The changes introduced in this installment of the video game series were met with mixed reactions by fans, particularly with respect to the point-and-click interface which replaced the text parser that earlier games in the series had used. It is regarded mostly as a pedestrian effort.

Computer Gaming World stated that Quest for Glory III "offers perhaps the most exotic and intriguing backdrop" in the series, and praised the "sumptuous" VGA graphics and soundtrack. The magazine concluded that the game "is yet another excellent product from the creative characters at Sierra", and stated that the next game "will be tough to surpass the expectations generated by the excellence already found". In 1993, Dragon gave the game 5 out of 5 stars.

Jim Trunzo reviewed Quest for Glory III: Wages of War in White Wolf #34 (Jan./Feb., 1993), rating it a 4 out of 5 and stated that "Wages of War improves upon its prefecessors in many ways. The art and music surpass prior offerings, the no-typing interface functions quickly and smoothly and the story quickly immerses the player in the game. Frankly, it's hard to believe Sierra can top this effort. Yet, somehow, you get the feeling that it will!"

In 1994, PC Gamer US named Quest for Glory III as the 28th best computer game ever. The editors wrote, "With a tightly woven plot, terrific graphics, and an excellent soundtrack, Quest for Glory III is what adventurin' is all about."

PC Mag's Neil J. Rubenking considered the game a "perfect blend" of roleplaying and adventure gaming, and appreciated the levity provided by the world's characters between the more tense moments of battle.
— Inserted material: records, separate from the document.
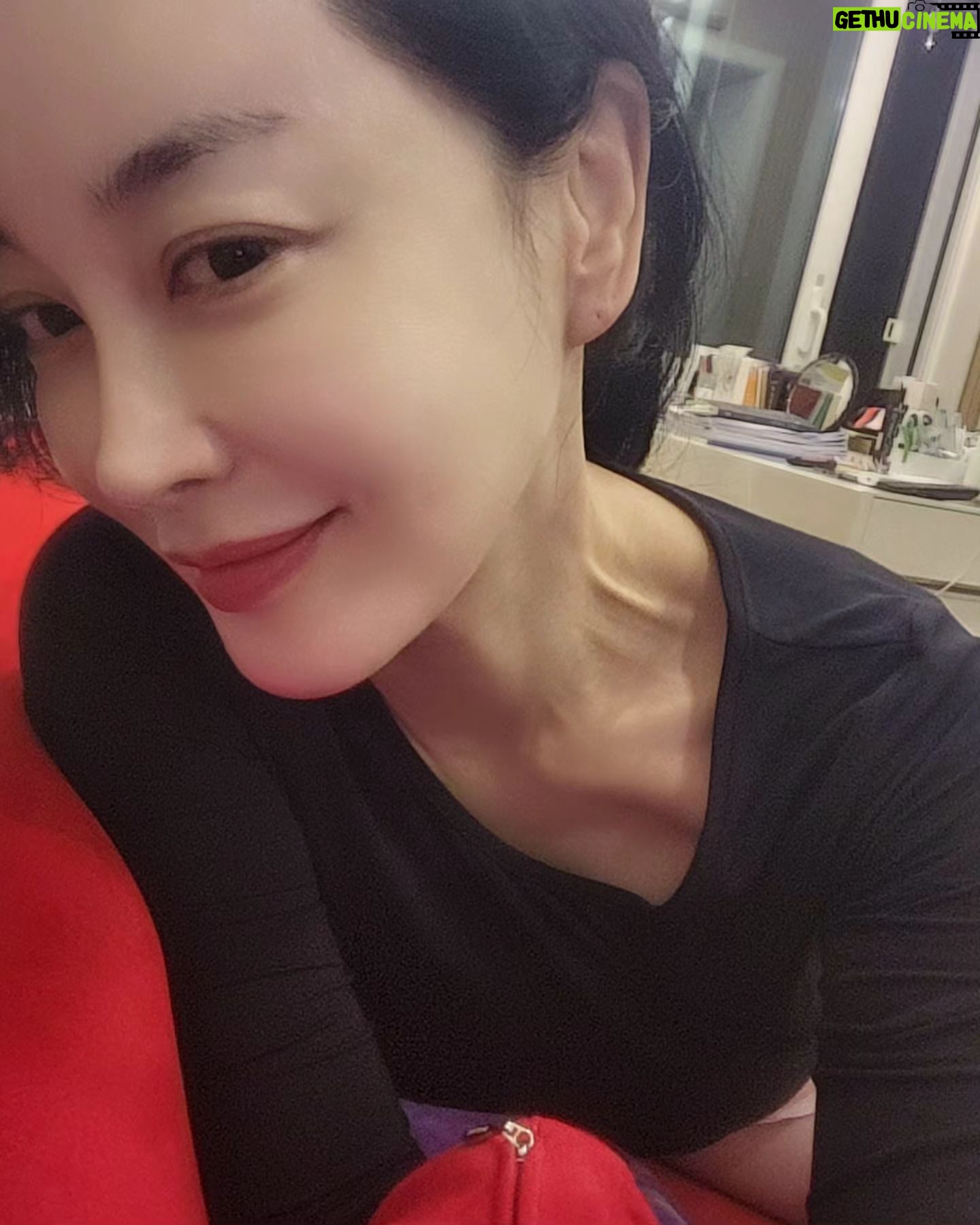 Kim Hye-eun - 5.6K Likes - 발레 스트레칭을 한지 벌써 1년이 훌쩍.
많이 바뀌었네요.드디어 목에 잔근육잡힌다고 기록을 남겨봅니다.
뿌듯.그리고 상쾌.
늦은 이시간.
환민이가 누나가 봐야한다며 남겨둔 공연.잊지못할 것같아.
사진을 못찍어 아쉽지만 .꿈꾼듯 황홀한 공연.보여줘서 고마워.
목근육은 발레쌤. 행복한 내표정은 더그레이트쇼 오환민대표께 바칩니다.♡
#더그레이트쇼.#오환민 #최한준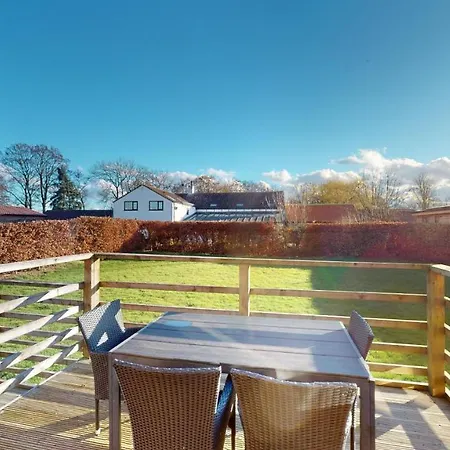 Barker Stakes Farm Lodge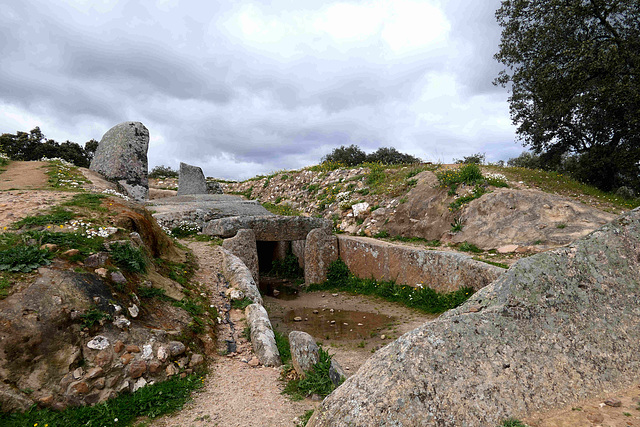 Dolmen del prado de Lácara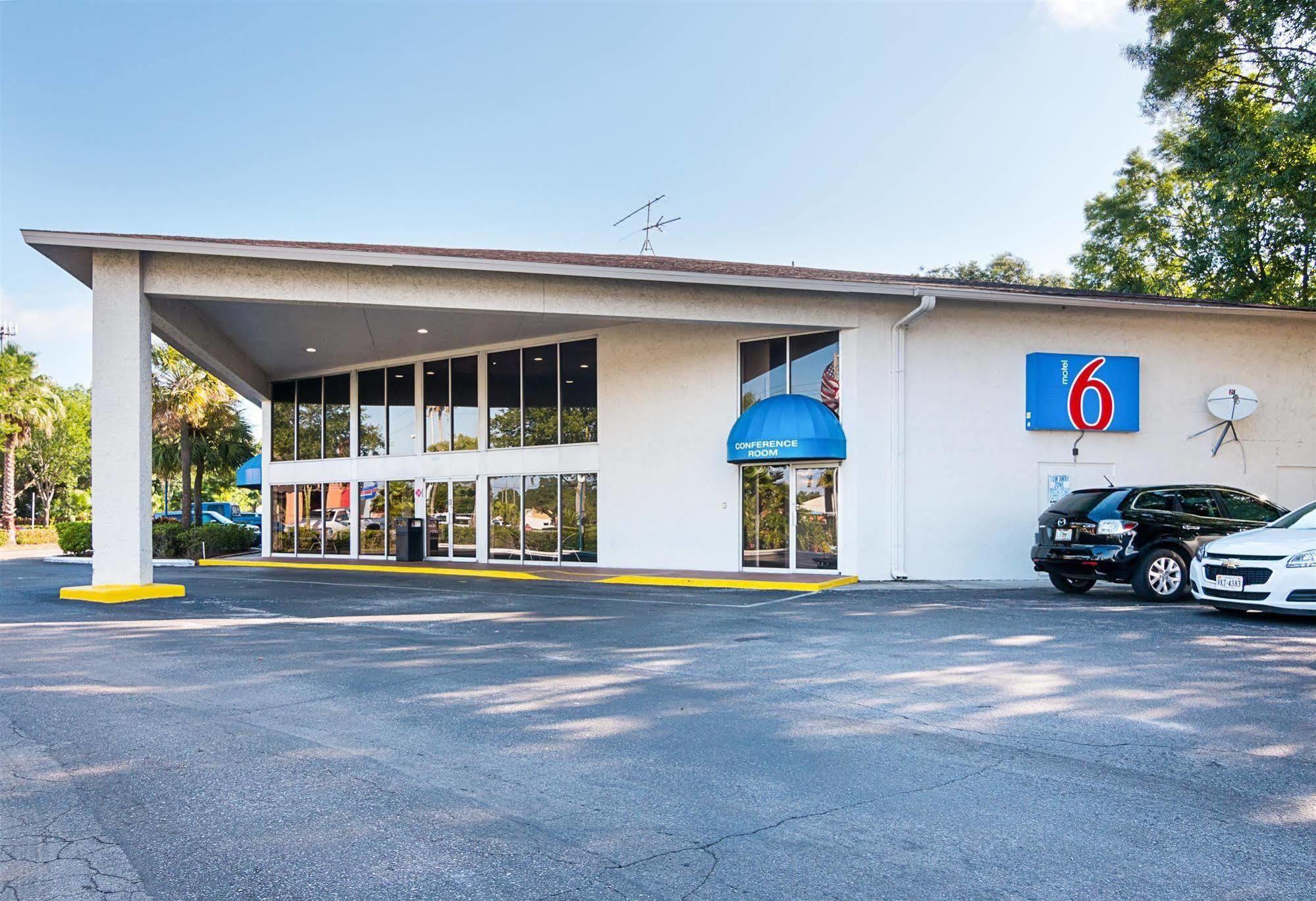 Motel 6-Tampa, Fl - Fairgrounds Heartland Екстер'єр фото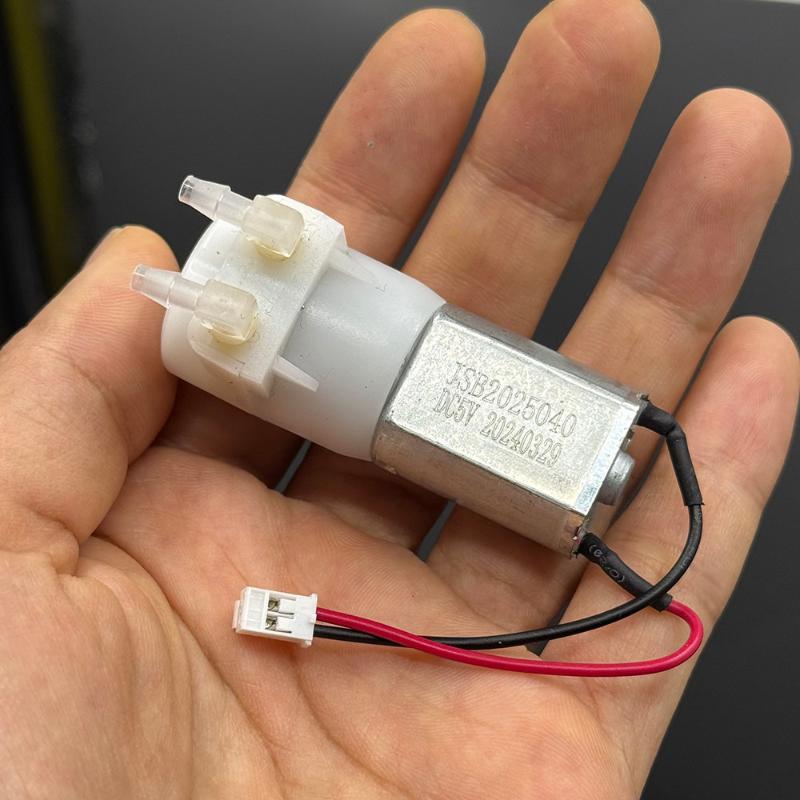 1Pcs DC 3.7V 5V Micro Self-priming Liquid Floor Washer Water Pump Small Mini 130 Peristaltic Pump Sweeping Robot Pump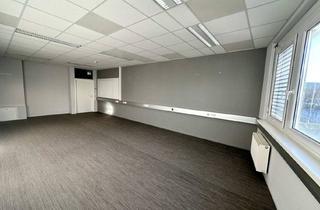 Büro zu mieten in Straßganger Straße, 8054 Graz, Ideal-geschnittene, barrierefreie Bürofläche in zentraler und frequentierter Lage im Grazer Bezirk Strassgang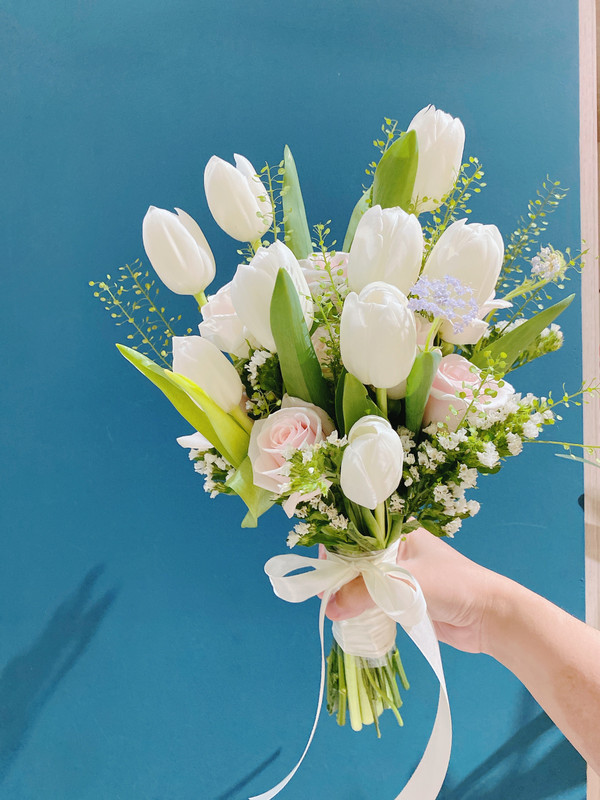 Hoa cưới tulip trắng mix hoa hồng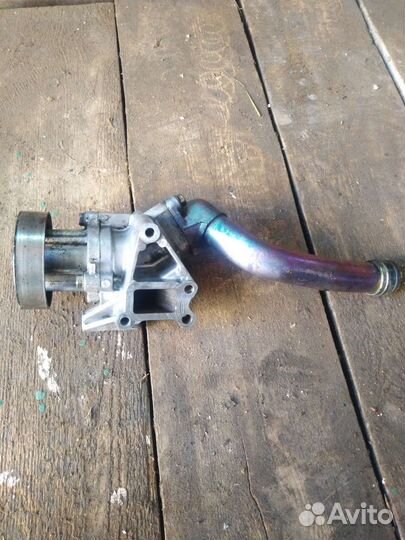 Помпа на QR20DE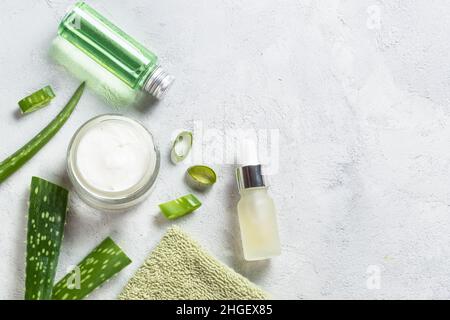 Aloe Vera Kosmetik am Steintisch Blick von oben. Stockfoto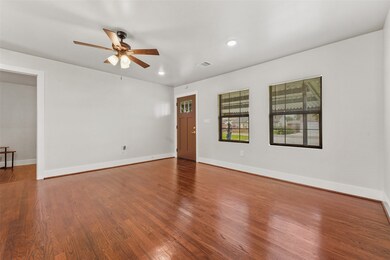 13326 Emporia St, Houston, TX 77015 - photo 6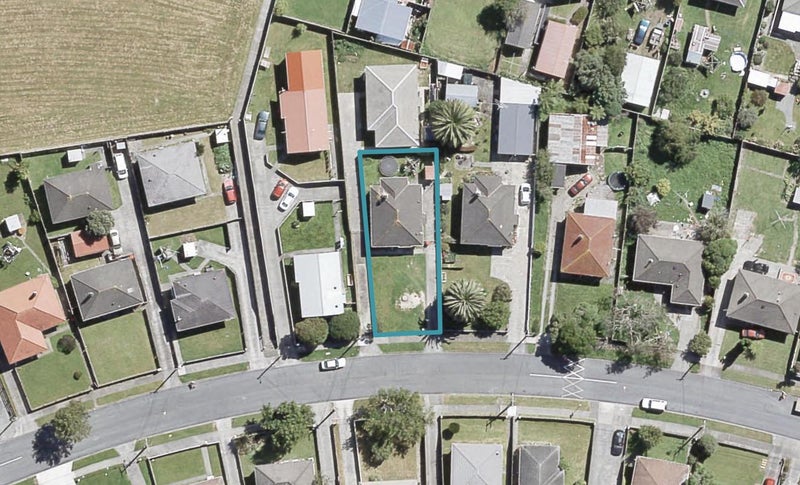 63 Strand Crescent, Naenae, Lower Hutt - Carousel 1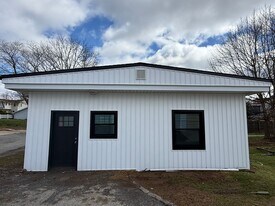 345-347 W Penn St in Carlisle, PA - Building Photo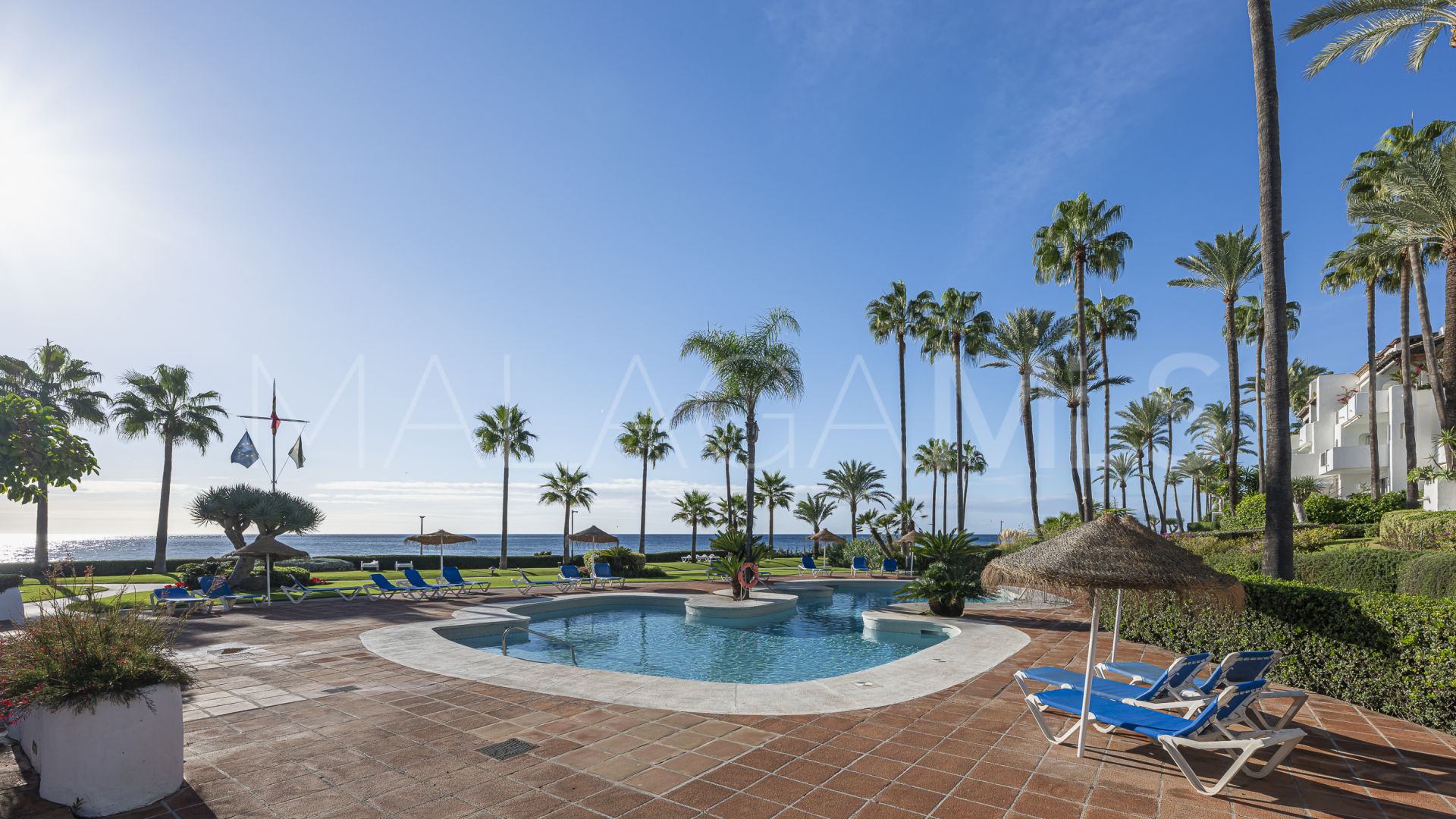 Markplanslägenhet for sale in Estepona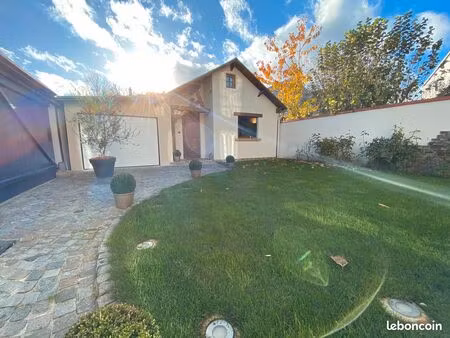 location charmante dépendance de 41 m2 (bords de marne)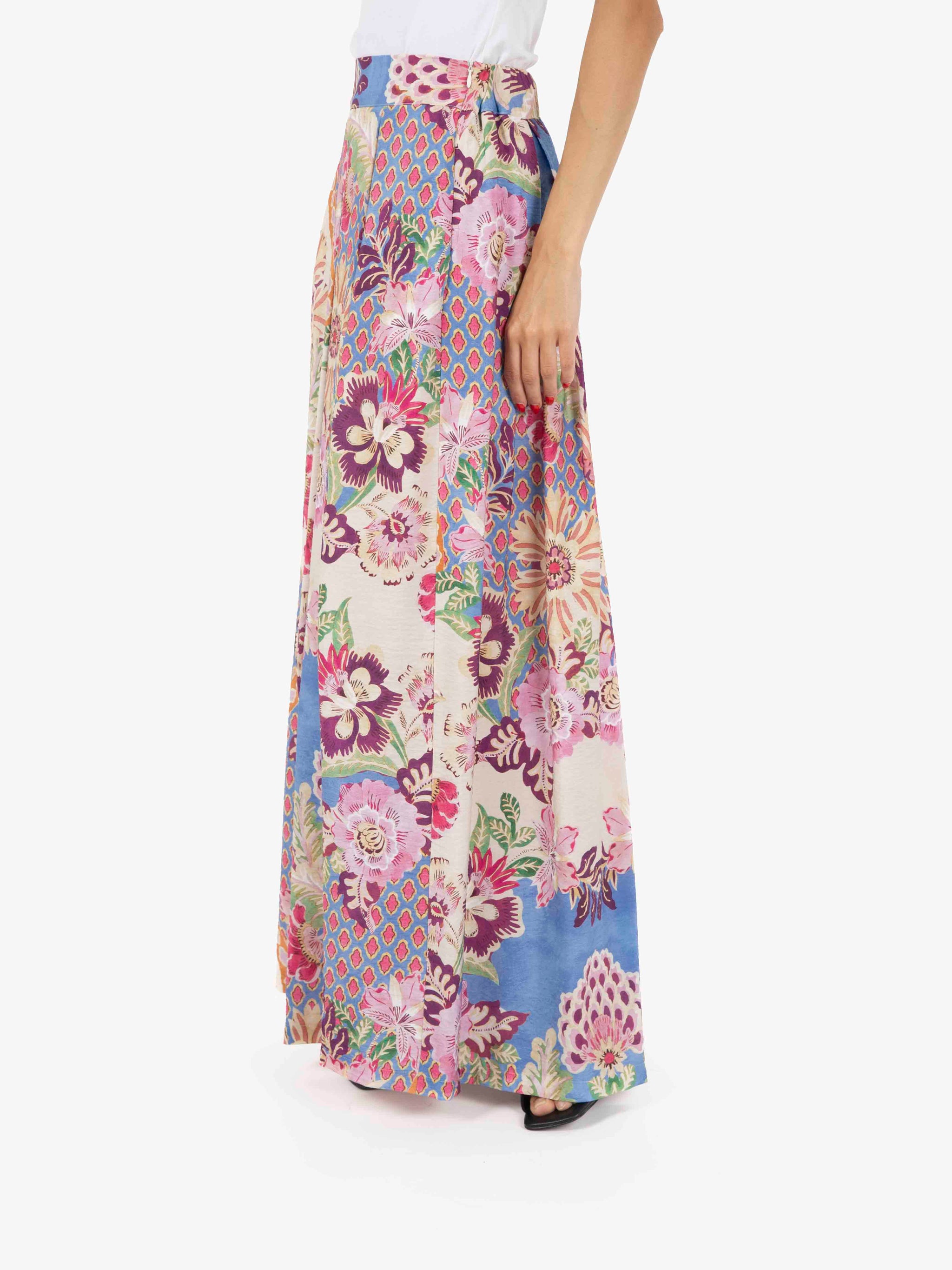 Long skirt with floral pattern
===Retrospective reviews===

Michael Baker for RPGamer gave the game 3 out of 5 stars. He felt Wages of War "could have been much more involved and exciting than it actually was", and criticised the game's combat system. He also considered the VGA graphics to be less well utilised than the EGA graphics in the previous entry in the series. Richard Cobbet of PC gamer considers the title "a bit of a filler of a game".